Income tax and other taxes

Do you want to start a business and understand the steps you must take to fulfil your tax obligations? Whether you are interested in self-employment or starting or reactivating a business, you will find in this section all the information you need to bring your project to reality.

When you do business in Québec, two taxes must be applied on sales :

  • GST (goods and services tax)

  • QST (Québec sales tax)

Under an agreement concluded between the government of Canada and the government of Québec, Revenu Québec administers the GST in Québec. Therefore, Revenu Québec receives and processes applications for registration for GST for all entities with commercial activities within its jurisdiction.

The GST and QST are taxes applicable to most goods and services that a business sells or offers. The GST is calculated at the rate of 5% on the sale price. The QST is calculated at the rate of 9.975% on the sale price.

Example: for a purchase of $100

Cost of the good or service: $100

GST 5% ($100 x 5%) = $5

QST 9.975% ($100 x 9.975%) = $9.98

Total paid by the consumer: $114.98

$100 + $5 (GST 5%) + $9.98 (QST 9.975%) = $114.98

 

Registering for the GST and QST

It is not obligatory to register for the GST and QST to create a business. Indeed, it is only when you generate revenues of more than $30,000 (before taxes) over four consecutive quarters that you have to register. Analyze your budgeted financial statements before making your decision.

Merchants that make taxable sales must generally collect these taxes. They then become agents of Revenu Québec. In this capacity, they must register under the GST and QST systems on the Revenu Québec website. On that website you will also find information on how to collect, calculate, and remit the taxes, how to apply the two taxes to various transactions, expenditures related to meals and entertainment, sales to diplomats or governments, and applications for tax reimbursements.

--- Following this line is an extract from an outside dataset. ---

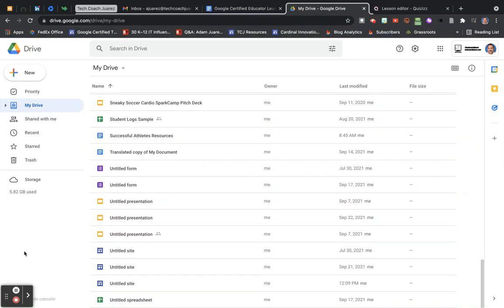Let's take a look now at Google Drive scenario one. As a counselor, Florencio has many files containing students' IEPs and 504 plans. To organize them into folders by grade level, he often drags and drops them into the corresponding folder. If you cannot drag and drop, he right-clicks on a folder and selects 'Move.'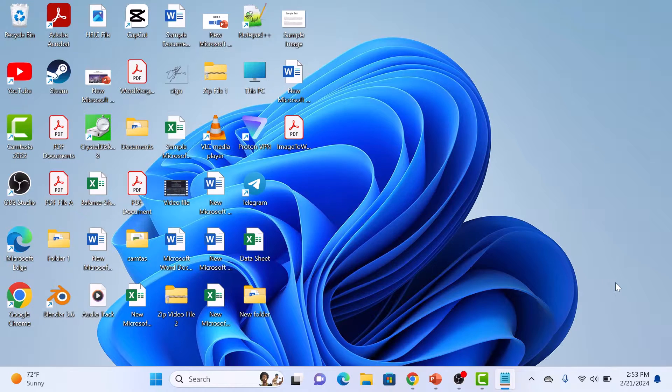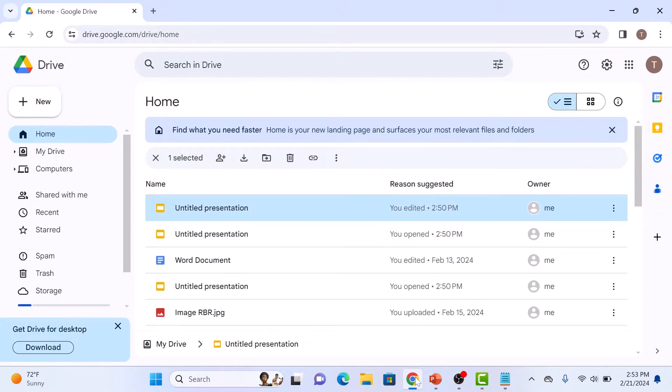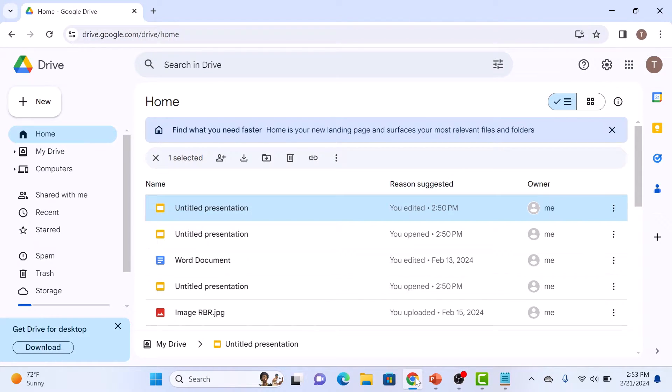First step is to open up your web browser and navigate to Google Drive. Once you are in Google Drive, find the Google Slides presentation you want to convert to PowerPoint.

Register under the GST and QST systems

According to Revenu Québec, from the fiscal point of view, a self-employed worker is a person who, under a verbal or written agreement, commits to another person, his or her client, to perform material work or supply a service for a price that the client commits to pay him or her. Self-employed workers may also own a business or be commission salespeople.

Here are some criteria to help you distinguish between a self-employed worker and an employee :

  • There is no connection of subordination between self-employed workers and their clients;

  • There is no employer-employee relationship, as is the case for employees;

  • Self-employed workers usually pay their own expenses;

  • They assume the financial risks inherent to their work;

  • They supply their own materials, although they are not required to perform the work themselves;

  • They may have employees or call upon other self-employed workers.

 

Rights and obligations of self-employed workers

Income earned by self-employed workers and by partners in a partnership (e.g., a limited partnership) is assessed in their personal income tax return as taxpayers. This is the inverse of revenues of a corporation or company, for which revenues are taxed in a tax return that is different from those of its shareholders.

Example: for the year 2013, a self-employed worker must produce his tax return before June 15 2014 and pay his taxes before April 30, 2014.

 

Tax deductions for self-employed workers

Self-employed workers may deduct from their personal income tax return all expenses incurred in relation to their business activities. These expenses must be supported by documentation, including invoices and contracts.

Fill out your tax return effectively

An incorporated business is an entity distinct from its owners.

 

Rights and obligations of incorporated businesses

After a business is incorporated and following one fiscal year-end, the business must produce a tax return distinct from that of its shareholders. The year-end date for the incorporated business may be chosen during the first fiscal year. The first fiscal year may be less than 12 months long. Once the date of the fiscal year-end for the incorporated business has been decided, it is almost impossible to change that date. There, the choice must be made wisely.

An incorporated business has six months to produce its taxes after the year-end that has been chosen. It is important to know that a company has three months, in the federal system, to pay its taxes to the Canada Revenue Agency if it is a private company under Canadian control, and two months to pay its taxes to Revenu Québec. If the business does not pay its taxes by the deadline, it will have to pay interest.

 

Basic tax deductions for an incorporated business

An incorporated business may deduct expenditures made in connection with the performance of its activities. These expenditures must be reasonable and supported by documentation that must be kept for at least 6 years, including for the current year.